I also added the governing reciting note and the governed ornament in their Hebrew shapes to aid memorization. Now I may be able to produce some sample zarqa tables that will cover some high frequency usage of the ornaments. 
Table of ornaments and count of verses where they occur for each reciting note 
– arranged by usage in descending order and by book group.

I raised the question a week ago of which ornaments are used on which reciting notes. This table allows is to examine that question and ask a few more about the logic of the music derived from Haïk-Vantoura's deciphering key. Why are some reciting notes preferred? Why are some ornaments used more than others?

Working from the left: Darga is only once followed by any sign above the text. So ornaments almost never occur when c is the reciting note. So what follows darga? Most of the time (2,484) tevir follows darga. 314 times silluq, 249 times, munah, 14 times merkha or double merkha. Low c seems to be an uncomfortable reciting note.

It's not surprising that f and g# (in the default mode for the prose books) are lower usage reciting notes since they are pivotal to the approach to the atnah. The f# (in the default mode for the poetry books) is a slightly higher usage. Psalm 1 sets the tone for this use of merkha as a reciting note.

The high usage reciting notes are e, A, B, and C. c occurs in about 13% of verses; d 31%, e occurs in all verses; f/f# in 83%; g/g# 94%; A occurs in 93%; B 82%; C 45%. It's clear that the qadma and zaqef-qatan are heavily used to phrase the prose verses.

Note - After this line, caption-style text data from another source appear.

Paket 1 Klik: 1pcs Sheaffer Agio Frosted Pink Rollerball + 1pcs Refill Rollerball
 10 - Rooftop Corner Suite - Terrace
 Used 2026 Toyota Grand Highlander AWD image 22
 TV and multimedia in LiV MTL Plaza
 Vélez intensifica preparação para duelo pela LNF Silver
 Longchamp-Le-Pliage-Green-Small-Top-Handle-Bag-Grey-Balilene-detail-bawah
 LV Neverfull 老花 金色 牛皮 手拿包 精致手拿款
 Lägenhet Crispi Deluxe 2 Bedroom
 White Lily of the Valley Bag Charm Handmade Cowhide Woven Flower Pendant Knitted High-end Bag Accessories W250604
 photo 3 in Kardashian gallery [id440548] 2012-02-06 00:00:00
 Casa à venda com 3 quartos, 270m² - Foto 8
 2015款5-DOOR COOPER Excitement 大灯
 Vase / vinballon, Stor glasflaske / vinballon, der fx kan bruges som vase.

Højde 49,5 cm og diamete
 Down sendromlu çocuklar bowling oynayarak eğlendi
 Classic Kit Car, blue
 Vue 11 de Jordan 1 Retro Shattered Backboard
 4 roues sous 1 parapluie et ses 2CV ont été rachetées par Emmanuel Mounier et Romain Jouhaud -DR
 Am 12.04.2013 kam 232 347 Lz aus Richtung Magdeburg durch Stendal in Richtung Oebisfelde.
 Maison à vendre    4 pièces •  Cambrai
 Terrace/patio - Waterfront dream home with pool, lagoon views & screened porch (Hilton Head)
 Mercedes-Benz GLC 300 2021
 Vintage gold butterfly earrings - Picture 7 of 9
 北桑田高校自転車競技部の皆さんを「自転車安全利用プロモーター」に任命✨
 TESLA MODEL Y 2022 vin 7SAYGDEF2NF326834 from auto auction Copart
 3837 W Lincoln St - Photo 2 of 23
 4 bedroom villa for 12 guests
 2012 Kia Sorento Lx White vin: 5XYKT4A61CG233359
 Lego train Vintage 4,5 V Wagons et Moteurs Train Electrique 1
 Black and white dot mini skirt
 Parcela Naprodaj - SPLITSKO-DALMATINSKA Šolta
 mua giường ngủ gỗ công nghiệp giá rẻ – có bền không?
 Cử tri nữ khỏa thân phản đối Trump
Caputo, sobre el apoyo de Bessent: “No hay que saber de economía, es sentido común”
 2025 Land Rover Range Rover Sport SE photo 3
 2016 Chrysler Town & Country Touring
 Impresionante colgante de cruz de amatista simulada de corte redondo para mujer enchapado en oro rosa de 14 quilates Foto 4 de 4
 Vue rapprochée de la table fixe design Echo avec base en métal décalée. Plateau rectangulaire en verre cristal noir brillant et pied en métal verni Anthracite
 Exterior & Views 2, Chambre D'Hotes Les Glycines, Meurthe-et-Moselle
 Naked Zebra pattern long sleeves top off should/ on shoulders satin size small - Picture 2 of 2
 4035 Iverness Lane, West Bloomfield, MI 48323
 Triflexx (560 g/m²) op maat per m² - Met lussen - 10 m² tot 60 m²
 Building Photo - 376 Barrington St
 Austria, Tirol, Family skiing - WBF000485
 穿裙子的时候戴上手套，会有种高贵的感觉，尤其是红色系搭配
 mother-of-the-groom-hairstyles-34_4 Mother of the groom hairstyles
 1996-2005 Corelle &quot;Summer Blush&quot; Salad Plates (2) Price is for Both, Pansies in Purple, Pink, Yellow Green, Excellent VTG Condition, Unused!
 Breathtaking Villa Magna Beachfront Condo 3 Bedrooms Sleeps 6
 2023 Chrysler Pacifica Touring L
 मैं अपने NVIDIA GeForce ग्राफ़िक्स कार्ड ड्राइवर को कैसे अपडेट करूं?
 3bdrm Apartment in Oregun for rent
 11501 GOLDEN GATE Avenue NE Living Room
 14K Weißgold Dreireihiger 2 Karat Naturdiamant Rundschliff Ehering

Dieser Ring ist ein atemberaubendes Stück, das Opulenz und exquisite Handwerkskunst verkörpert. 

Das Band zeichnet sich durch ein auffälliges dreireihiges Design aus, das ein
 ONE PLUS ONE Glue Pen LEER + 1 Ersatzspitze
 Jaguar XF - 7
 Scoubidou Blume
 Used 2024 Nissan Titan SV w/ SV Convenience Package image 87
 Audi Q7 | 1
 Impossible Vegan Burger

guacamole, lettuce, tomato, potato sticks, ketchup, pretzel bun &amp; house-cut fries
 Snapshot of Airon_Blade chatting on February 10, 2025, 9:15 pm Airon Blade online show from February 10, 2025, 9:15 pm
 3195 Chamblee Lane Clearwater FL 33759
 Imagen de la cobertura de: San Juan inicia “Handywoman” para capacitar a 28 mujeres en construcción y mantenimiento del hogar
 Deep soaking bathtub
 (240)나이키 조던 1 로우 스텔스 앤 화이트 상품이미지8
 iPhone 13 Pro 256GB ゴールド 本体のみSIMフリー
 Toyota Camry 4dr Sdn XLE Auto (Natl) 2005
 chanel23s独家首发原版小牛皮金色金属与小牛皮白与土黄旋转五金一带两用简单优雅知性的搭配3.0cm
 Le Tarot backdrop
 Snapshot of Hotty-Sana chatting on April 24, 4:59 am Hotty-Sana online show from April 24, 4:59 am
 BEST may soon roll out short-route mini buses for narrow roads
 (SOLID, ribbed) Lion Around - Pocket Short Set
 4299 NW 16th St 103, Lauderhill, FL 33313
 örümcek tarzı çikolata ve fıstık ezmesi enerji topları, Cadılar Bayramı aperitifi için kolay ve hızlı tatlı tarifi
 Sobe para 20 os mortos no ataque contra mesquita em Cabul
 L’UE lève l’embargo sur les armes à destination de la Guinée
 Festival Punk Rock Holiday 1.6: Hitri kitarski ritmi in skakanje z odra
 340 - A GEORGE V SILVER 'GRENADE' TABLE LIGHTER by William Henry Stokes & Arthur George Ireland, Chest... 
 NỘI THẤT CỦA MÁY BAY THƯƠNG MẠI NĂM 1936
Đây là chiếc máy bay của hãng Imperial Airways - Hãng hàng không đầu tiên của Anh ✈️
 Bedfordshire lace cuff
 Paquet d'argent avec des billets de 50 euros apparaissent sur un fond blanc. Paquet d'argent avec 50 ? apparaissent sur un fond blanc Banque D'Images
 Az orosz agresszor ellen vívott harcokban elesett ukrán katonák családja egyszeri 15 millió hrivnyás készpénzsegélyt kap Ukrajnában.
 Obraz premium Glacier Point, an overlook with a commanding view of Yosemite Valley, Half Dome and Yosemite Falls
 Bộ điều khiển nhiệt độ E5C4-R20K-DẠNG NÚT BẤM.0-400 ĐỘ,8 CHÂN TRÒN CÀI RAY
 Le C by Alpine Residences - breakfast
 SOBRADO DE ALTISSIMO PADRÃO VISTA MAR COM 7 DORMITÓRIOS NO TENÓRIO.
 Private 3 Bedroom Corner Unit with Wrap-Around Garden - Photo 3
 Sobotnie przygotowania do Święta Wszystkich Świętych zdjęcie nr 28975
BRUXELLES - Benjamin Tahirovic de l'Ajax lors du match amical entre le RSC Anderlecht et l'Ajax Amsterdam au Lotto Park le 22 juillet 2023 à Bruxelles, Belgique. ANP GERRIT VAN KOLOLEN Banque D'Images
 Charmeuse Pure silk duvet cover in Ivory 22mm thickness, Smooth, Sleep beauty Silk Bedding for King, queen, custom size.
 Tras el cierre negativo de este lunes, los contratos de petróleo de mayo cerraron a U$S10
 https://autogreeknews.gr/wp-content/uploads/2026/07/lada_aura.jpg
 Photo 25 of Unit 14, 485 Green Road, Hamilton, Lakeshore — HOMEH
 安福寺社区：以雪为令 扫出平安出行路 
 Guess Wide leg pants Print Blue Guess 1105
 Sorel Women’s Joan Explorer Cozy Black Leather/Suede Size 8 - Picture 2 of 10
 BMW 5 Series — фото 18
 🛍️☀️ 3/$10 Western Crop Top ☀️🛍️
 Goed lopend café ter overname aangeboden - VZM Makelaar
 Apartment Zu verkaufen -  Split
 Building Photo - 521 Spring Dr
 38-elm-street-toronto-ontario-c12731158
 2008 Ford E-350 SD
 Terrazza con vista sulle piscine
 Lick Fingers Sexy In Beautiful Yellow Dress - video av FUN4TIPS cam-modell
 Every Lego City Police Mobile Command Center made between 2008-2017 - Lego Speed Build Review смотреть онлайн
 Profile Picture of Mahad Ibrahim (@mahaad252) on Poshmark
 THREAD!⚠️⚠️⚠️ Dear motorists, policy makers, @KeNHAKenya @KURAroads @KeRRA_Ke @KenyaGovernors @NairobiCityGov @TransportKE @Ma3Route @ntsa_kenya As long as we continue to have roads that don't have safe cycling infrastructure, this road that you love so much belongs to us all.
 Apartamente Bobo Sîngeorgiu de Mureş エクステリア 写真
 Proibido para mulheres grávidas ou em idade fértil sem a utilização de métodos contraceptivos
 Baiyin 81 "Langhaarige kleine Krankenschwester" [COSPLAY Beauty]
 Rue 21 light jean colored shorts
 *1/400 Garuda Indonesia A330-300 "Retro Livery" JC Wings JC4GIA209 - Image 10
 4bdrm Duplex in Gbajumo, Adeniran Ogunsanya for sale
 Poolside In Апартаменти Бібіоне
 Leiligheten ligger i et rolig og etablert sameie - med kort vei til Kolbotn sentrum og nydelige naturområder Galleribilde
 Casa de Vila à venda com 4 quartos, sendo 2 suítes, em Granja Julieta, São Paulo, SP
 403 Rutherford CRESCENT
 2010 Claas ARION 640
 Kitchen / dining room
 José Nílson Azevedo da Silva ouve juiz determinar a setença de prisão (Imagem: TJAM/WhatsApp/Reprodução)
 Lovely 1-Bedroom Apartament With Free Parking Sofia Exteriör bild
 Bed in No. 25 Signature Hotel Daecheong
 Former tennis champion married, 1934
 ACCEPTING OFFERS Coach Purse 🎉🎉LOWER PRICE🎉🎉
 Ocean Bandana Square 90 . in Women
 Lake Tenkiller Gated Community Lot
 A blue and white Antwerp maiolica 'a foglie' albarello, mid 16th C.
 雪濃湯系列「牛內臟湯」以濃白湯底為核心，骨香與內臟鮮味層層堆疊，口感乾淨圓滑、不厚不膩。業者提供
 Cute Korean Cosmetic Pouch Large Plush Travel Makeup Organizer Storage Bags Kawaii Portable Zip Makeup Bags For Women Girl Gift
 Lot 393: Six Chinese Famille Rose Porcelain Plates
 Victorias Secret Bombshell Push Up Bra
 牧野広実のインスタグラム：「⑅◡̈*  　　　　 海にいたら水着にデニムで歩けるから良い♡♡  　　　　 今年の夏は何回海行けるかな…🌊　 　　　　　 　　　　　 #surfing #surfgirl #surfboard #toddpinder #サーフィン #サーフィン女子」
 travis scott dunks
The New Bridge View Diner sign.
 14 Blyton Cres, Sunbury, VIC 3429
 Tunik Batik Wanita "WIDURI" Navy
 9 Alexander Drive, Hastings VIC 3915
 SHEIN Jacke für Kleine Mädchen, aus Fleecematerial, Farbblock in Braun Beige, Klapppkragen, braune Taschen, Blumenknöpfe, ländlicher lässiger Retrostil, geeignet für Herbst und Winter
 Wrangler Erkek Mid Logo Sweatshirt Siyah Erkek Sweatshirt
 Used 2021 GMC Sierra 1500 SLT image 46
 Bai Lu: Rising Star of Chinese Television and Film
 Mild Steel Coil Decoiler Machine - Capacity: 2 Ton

Here's an example illustrating a typical if not often used (117 times in the 21 books) approach to the atnah, the rest point in the verse. The same approach is used in the following verse, one that is filled with comfort, illustrating the consolation from God. The approach to the rest note uses only accents below the text. But the recitation on the rest note is filled with comfort. The proclamation on the dominant, even if silent, is joyful.

Zephaniah 3:17
Here is the zarqa table for this verse.

Zarqa table for a verse with primary recitation on atnah and munah

17 Yahweh, your God is within you. One who prevails will save.
He will joy over you with gladness. He will be silent in his love. He will rejoice over you with a loud shout.
יז יהו֧ה אלה֛יך בקרב֖ך גב֣ור יוש֑יע
יש֨יש על֜יך בשמח֗ה יחריש֙ בא֣הבת֔ו יג֥יל על֖יך ברנֽה
14
24
iz ihvh alohiiç bqrbç gibor iowiy
iwiw yliiç bwmkh ikriw bahbto igil yliiç brinh
It seems to me that the music fits the text well.